Robust Encodings: A Framework for Combating Adversarial Typos
- URL: http://arxiv.org/abs/2005.01229v1
- Date: Mon, 4 May 2020 01:28:18 GMT
- Title: Robust Encodings: A Framework for Combating Adversarial Typos
- Authors: Erik Jones, Robin Jia, Aditi Raghunathan, and Percy Liang
- Abstract summary: NLP systems are easily fooled by small perturbations of inputs.
Existing procedures to defend against such perturbations provide guaranteed robustness to worst-case attacks.
We introduce robust encodings (RobEn) that confer guaranteed robustness without making compromises on model architecture.

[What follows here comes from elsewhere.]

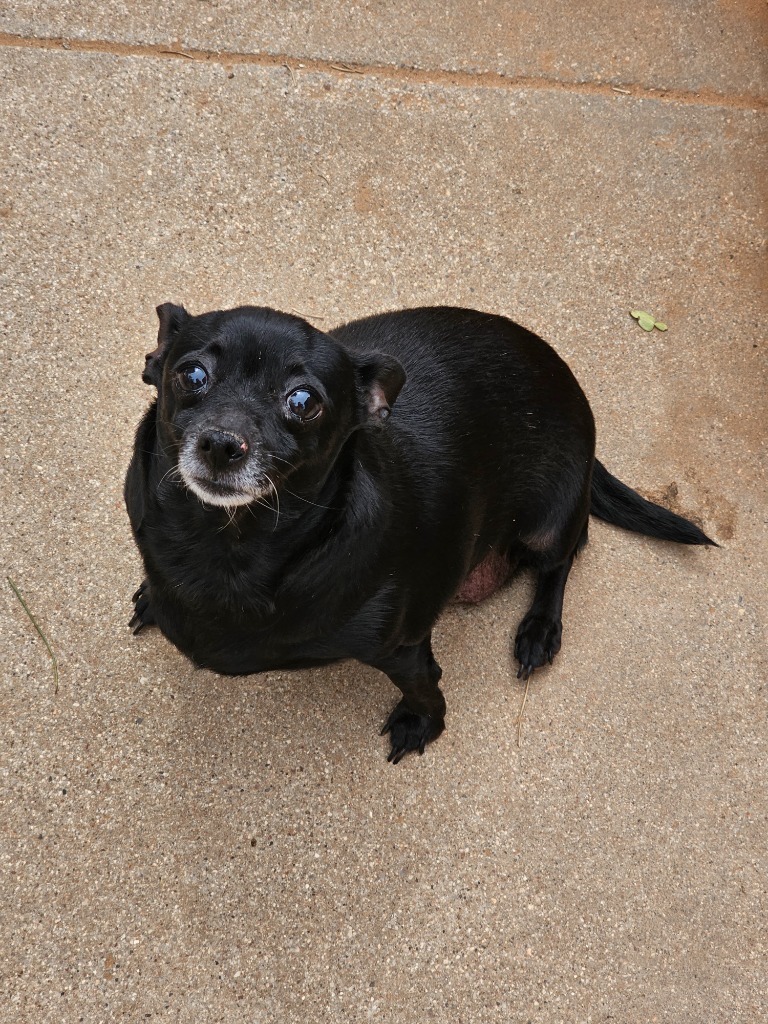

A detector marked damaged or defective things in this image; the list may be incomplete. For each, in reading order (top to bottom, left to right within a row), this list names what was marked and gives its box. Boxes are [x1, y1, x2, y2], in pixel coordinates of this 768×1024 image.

crack in concrete [0, 30, 765, 111]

- Score: 85.70270979772388
- License: http://arxiv.org/licenses/nonexclusive-distrib/1.0/
- Abstract: Despite excellent performance on many tasks, NLP systems are easily fooled by
small adversarial perturbations of inputs. Existing procedures to defend
against such perturbations are either (i) heuristic in nature and susceptible
to stronger attacks or (ii) provide guaranteed robustness to worst-case
attacks, but are incompatible with state-of-the-art models like BERT. In this
work, we introduce robust encodings (RobEn): a simple framework that confers
guaranteed robustness, without making compromises on model architecture. The
core component of RobEn is an encoding function, which maps sentences to a
smaller, discrete space of encodings. Systems using these encodings as a
bottleneck confer guaranteed robustness with standard training, and the same
encodings can be used across multiple tasks. We identify two desiderata to
construct robust encoding functions: perturbations of a sentence should map to
a small set of encodings (stability), and models using encodings should still
perform well (fidelity). We instantiate RobEn to defend against a large family
of adversarial typos. Across six tasks from GLUE, our instantiation of RobEn
paired with BERT achieves an average robust accuracy of 71.3% against all
adversarial typos in the family considered, while previous work using a
typo-corrector achieves only 35.3% accuracy against a simple greedy attack.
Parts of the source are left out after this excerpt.